An Oxford University student who stabbed her boyfriend could be spared a custodial sentence because of her “extraordinary” talent, a court heard. The aspiring heart surgeon called Lavinia Woodward stabbed her Cambridge-educated boyfriend, who she met on the Tinder dating app, in the leg before hurling a laptop, glass and a jam jar at him during a drug-fuelled rage at Christ Church college, Oxford. The 24-year-old admitted to a charge of unlawful wounding at Oxford Crown Court, and the offence which would normally carry a custodial sentence, might not result in prison because the Judge Ian Pringle suggested she may be spared jail because of her academic record.
He said: “It seems to me that if this was a one-off, a complete one-off, to prevent this extraordinary, able young lady from not following her long-held desire to enter the profession she wishes to, would be a sentence which would be too severe.”
Is this fair? Would the same mercy be given to another defendant with the aim of becoming a care assistant, or one who was a checkout assistant at Tesco with aspirations towards becoming a supervisor? The Daily Telegraph even questions whether there is an increase in the punishment by merit!
Francis FitzGibbon, the chair of the Criminal Bar Association, told the BBC’s Today programme the case was “unusual”. “The judge must take into account determination or demonstration of steps to address addiction, so it sounds as though he’s giving her a chance and I think the judge would do that for anyone wherever they came from in the right circumstances. I don’t know if her future prospects are the critical factor in this. Maybe if she does really badly [on her drug rehabilitation] he’ll think again.”
In 1997 when US actress Rachael Leigh Cook was a box-office star someone thought it clever to summarise America’s drug problem with a frying pan and an egg. It was a cringeworthy Public Service Advert which a few weeks ago was rehashed as a Public Service Advert for the Drug Policy Alliance, again with actress Rachel Leigh Cook a frying pan and eggs, but pointing out how wrong the US’s current Drug Policy is.

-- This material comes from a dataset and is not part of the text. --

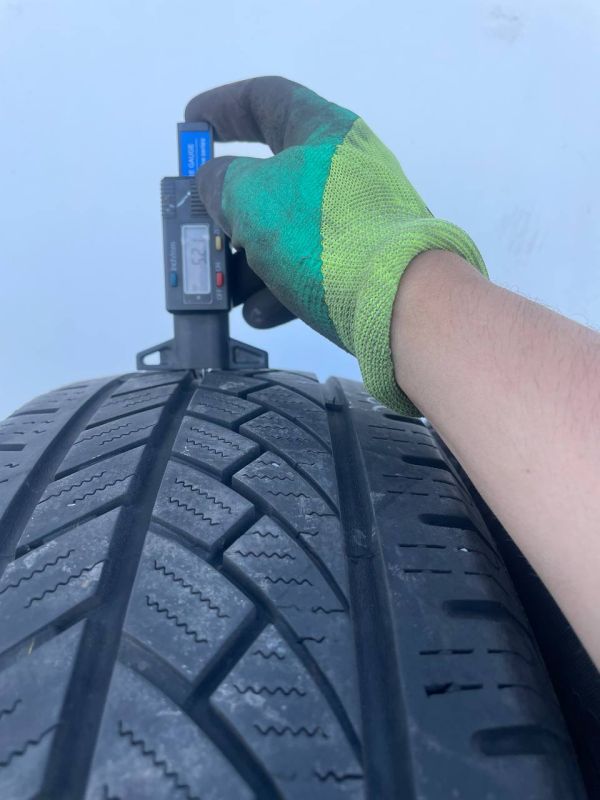 Шини пара 195/65 r16c літо резина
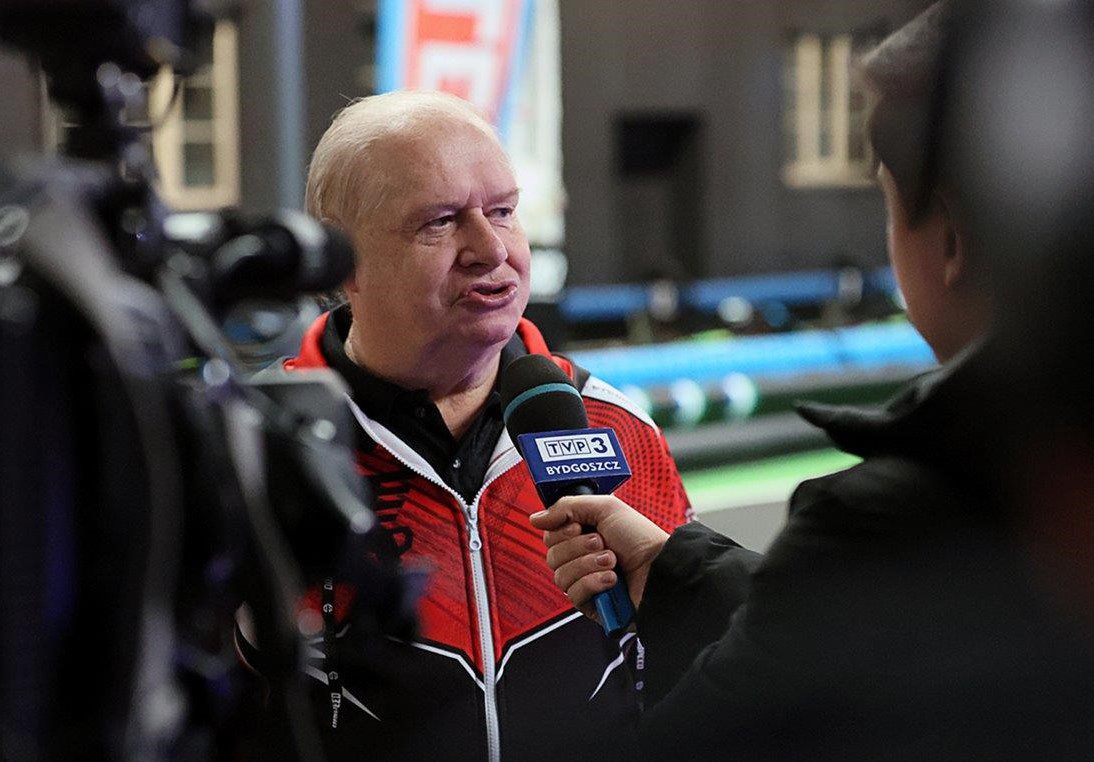 Historyczne zawody Grand Prix Jerzego Kanclerza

“It is gratifying and promising to see the evolution in Rachael Leigh Cook and in the American public over these last 20 years,” Tony Newman, director of media relations at the Drug Policy Alliance. “The war on drugs is a disastrous failure that has ruined millions of peoples’ lives, especially people of color. Let’s hope this ad is seen by as many people as the original and inspires folks to end this unwinnable war.”In the advert Rachel Leigh Cook holds a frying pan and eggs of two different colours to demonstrate the racial disparities in our criminal justice system when it comes to drug crimes.
“The war on drugs is ruining people’s lives,” Cook says. “It fuels mass incarceration, it targets people of color in greater numbers than their white counterparts. It cripples communities. It costs billions and it doesn’t work. Any questions?”
For any Year 11 student revising about drugs for their GCSE RS exam watching the advert is worth 5 minutes of their time. There are often questions on the exam paper about how to punish people who take illegal drugs. Obviously we know how we can refer to religious attitudes (eye for an eye, the Golden Rule, love thy neighbour, forgiveness, situation ethics, Buddhist precept of no drugs or harm, karma, affecting your ability to follow religious teachings) and the aims of punishment (reform, deter, vindication for laws being in place, reparation, protection, retribution) but how drug policy can also affect generations of people and their efforts to get educated and pull themselves out of poverty should also be considered.